# Audiobooks business case

### Problem

Data from an audio book app has been collected,from public sources. Logically, it relates to the audio versions of books ONLY.

Each customer in the database has made a purchase at least once, that's why he/she is in the database. Idea is to create a machine learning algorithm based on the available data that can predict if a customer will buy again from the Audiobook company.

The main idea is that if a customer has a low probability of coming back, there is no reason to spend any money on advertising to him/her. If efforts are focused SOLELY on customers that are likely to convert again, great savings can be made. Moreover, the objective is to identify the most important metrics for a customer to come back again.
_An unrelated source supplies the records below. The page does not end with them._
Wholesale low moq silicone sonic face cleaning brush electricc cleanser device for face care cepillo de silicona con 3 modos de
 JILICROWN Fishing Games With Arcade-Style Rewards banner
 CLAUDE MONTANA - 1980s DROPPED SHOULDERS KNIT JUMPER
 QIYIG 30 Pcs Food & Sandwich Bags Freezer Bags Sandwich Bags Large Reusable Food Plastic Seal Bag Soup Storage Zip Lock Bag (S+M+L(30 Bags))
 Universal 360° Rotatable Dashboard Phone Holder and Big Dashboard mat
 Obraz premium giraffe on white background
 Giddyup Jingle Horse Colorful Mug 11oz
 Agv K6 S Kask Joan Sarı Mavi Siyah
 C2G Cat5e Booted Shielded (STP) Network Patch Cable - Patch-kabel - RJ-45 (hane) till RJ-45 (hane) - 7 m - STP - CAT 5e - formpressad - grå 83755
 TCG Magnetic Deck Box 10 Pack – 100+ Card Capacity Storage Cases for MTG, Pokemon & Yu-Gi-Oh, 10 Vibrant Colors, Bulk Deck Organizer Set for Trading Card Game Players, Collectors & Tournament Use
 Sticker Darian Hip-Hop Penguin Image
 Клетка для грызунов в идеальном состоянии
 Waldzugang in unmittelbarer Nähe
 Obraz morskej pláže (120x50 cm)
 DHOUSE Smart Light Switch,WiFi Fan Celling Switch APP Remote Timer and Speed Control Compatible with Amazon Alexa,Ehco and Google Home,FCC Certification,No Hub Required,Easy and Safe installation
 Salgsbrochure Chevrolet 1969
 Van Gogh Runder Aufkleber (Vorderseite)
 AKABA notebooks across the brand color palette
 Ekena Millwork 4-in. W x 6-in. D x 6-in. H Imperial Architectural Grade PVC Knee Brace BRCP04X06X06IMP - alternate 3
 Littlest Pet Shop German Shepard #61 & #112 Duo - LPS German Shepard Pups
Identifying new customers creates value and growth opportunities.

From .csv file, data can be summarised. There are several variables:

Customer ID, ),
Book length overall (sum of the minute length of all purchases), 
Book length avg (average length in minutes of all purchases),
Price paid_overall (sum of all purchases) ,
Price Paid avg (average of all purchases),
Review (a Boolean variable whether the customer left a review),
Review out of 10 (if the customer left a review, his/her review out of 10,
Total minutes listened,
Completion (from 0 to 1),
Support requests (number of support requests; everything from forgotten password to assistance for using the App), and Last visited minus purchase date (in days).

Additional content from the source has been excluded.